Data Block Start

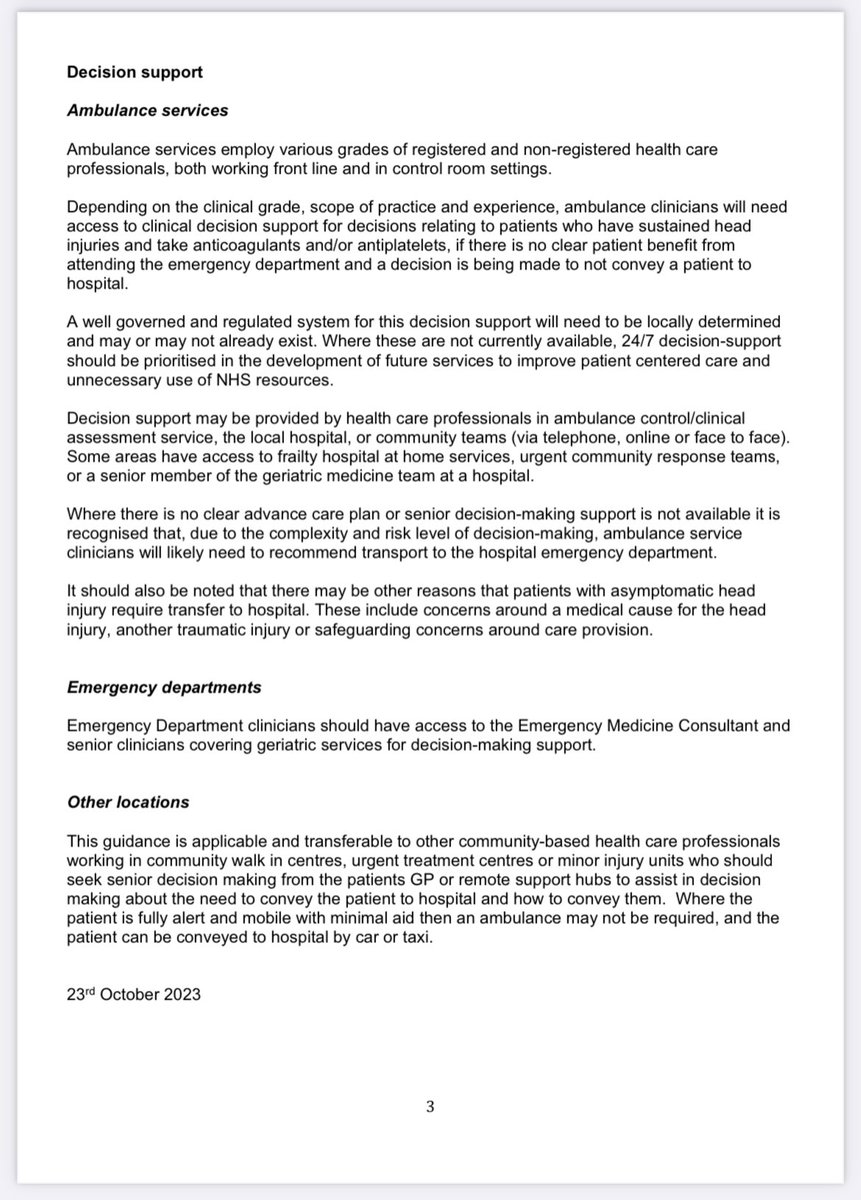 Position statement on asymptomatic patients with head injury who are taking anticoagulants endorsed by @RCollEM @AACE_org @GeriSoc @The_SBNS @UKHaHSoc rcem.ac.uk/wp-content/upl…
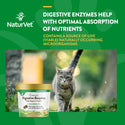 NaturVet Digestive Enzymes Soft Chews Daily Digestive Support with Pre & Probiotic for Cats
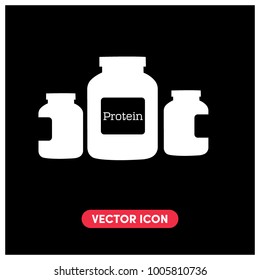 Protein Container Vector Icon Illustration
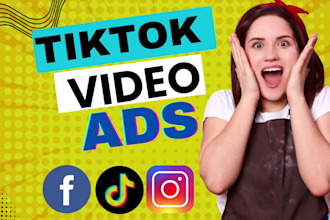 create viral tik tok video ads, dropshipping ads, tiktok video ads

Data Block End

_Required work:_ The listing above is to be retyped word for word, with the pictures omitted.

_Task response:_
 Position statement on asymptomatic patients with head injury who are taking anticoagulants endorsed by @RCollEM @AACE_org @GeriSoc @The_SBNS @UKHaHSoc rcem.ac.uk/wp-content/upl…
 NaturVet Digestive Enzymes Soft Chews Daily Digestive Support with Pre & Probiotic for Cats
 Protein Container Vector Icon Illustration
 create viral tik tok video ads, dropshipping ads, tiktok video ads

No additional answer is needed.